Posted by Deni Archer on 29 February 2012

This time of the year, the West Coast landscape is a continuum of amber and bronze tones, giving the effect of being lightly toasted. And in effect it is – it’s the dry season and water is scarce. Very little grows and everything seems washed-out. The light is intense – the austere environment is so reflective, it makes eyes squint and brows furrow.

We arrived in Paternoster on Monday, after spending two nights on a farm near Jacobsbaai. It’s a rugged seaside village, typical to the west coast, and if you love expansive beaches, rocky outcrops, windswept coastal fynbos and of course kreef, then this is the place for you. The village was built around the fishing industry and the locals still depend strongly on fishing to provide both food and income for their families.

We set off immediately with friends, Tom and Dierdre, scoping the area in the hope of finding local people from the fishing community who would be happy to tell us about their lives and livelihood – fish. We chanced upon Ida who, while fending off a gaggle of small children, was deftly gutting the local staple, harders, for dinner. The harder is a small fish, similar to a sardine. If you’ve seen men hauling in nets of quivering silver slivers on the beach, there’s a good chance you’ve seen harders. Ida invited us back for a cooking demo later that afternoon. She prepared them simply: salted, lightly dusted with flour and fried golden in a pan, and served with bread and apricot jam. Sweet and salty – a favourite flavour combo here on the west coast.

Ida’s mother, Tante Anna, is the local herb lady. Harking from Namaqualand she doesn’t call herself a local, though she’s 73 and has spent most of her life here. ‘Paternoster is a tragic place,’ she says scrunching up her crinkled face – it took her some time to ‘learn the sea.’ But she knows her herbs, and can tell you which plants to rub on your body for pains, or brew into a tea for a headache. She describes how hard her husband used to work as a fisherman – up at 4am and home late. It wasn’t an easy life on the sea but he loved it and he provided for their eight children. ‘These days the men don’t rise early anymore. They don’t know hard work.’ She says there aren’t as many fish anymore either.

According to the scientists, she’s right. Both the harder and the hottentot – the primary catch of Paternoster – are on the SASSI orange list, meaning you should ‘think twice’ before buying them as they’re severely at risk. The idea that the fish are scarcer these days was a general echo across the community – Isaac, a 60 year old fisherman, has noticed a significant decline in the size of his harder catches since he was young, and Tannie Meisie believes the same.
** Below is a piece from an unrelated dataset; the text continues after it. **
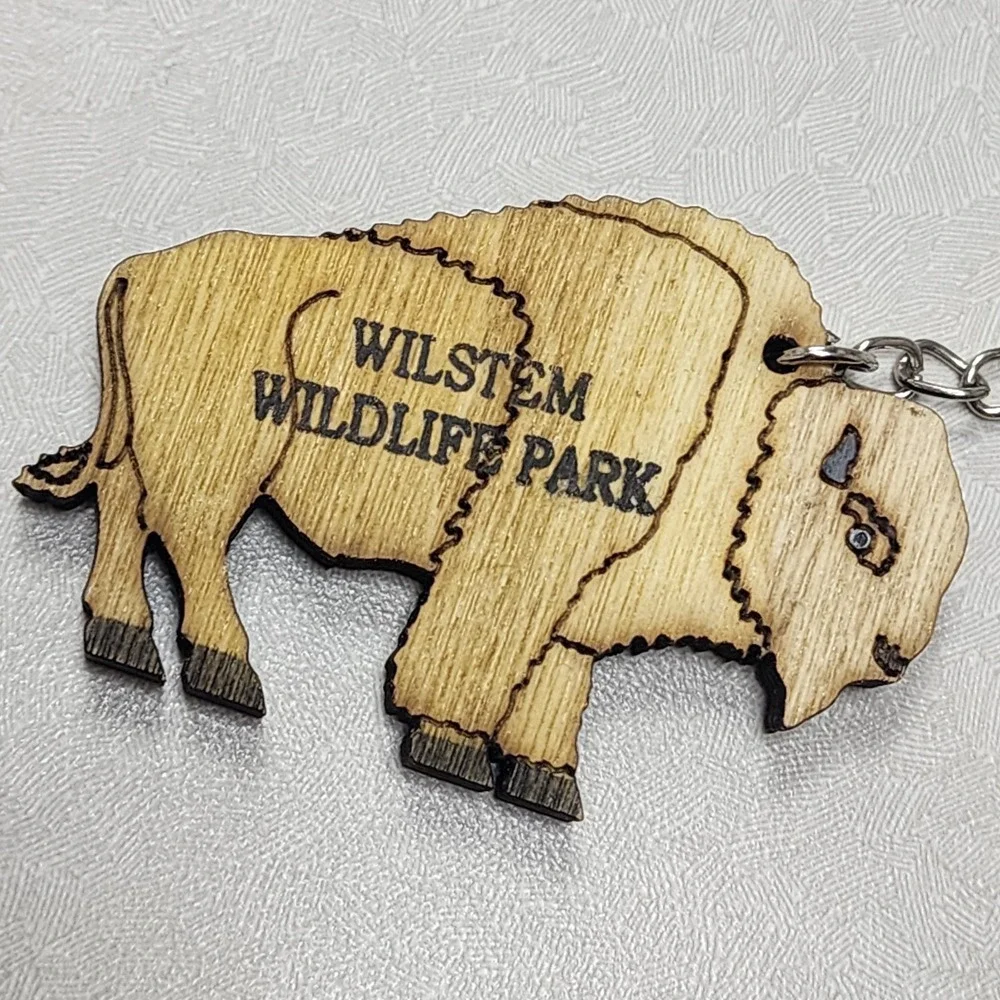 Wilstem Wildlife Park, Indiana Wood Cut Out BUFFALO Animal Key Chain Ring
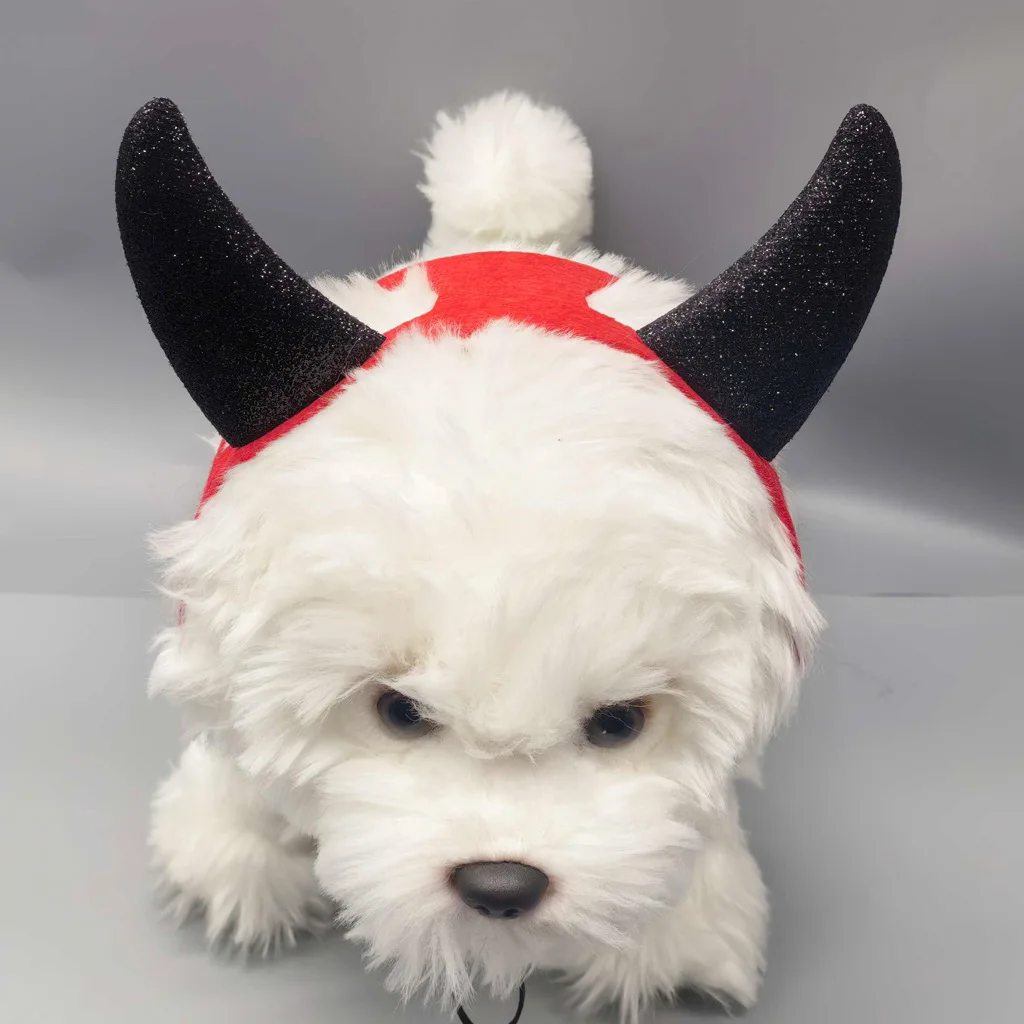 Nuevo vestido de Halloween para mascotas, cuernos, decoración divertida, tocado de gato, accesorios para mascotas de Halloween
A young fisherman we spoke to, however, bluntly stated it was not true – the scientists are doing their studies in ‘the wrong places’ and the restrictions are unnecessary and simply causing them to ‘steal to survive.’

This made us realise that Tante Anna’s musing about Paternoster was not so amusing after all – it really is tragic that a community with fishing in their blood (most people we spoke to were in agreement that the fishermen know nothing else but the sea) are in severe danger of losing their livelihoods.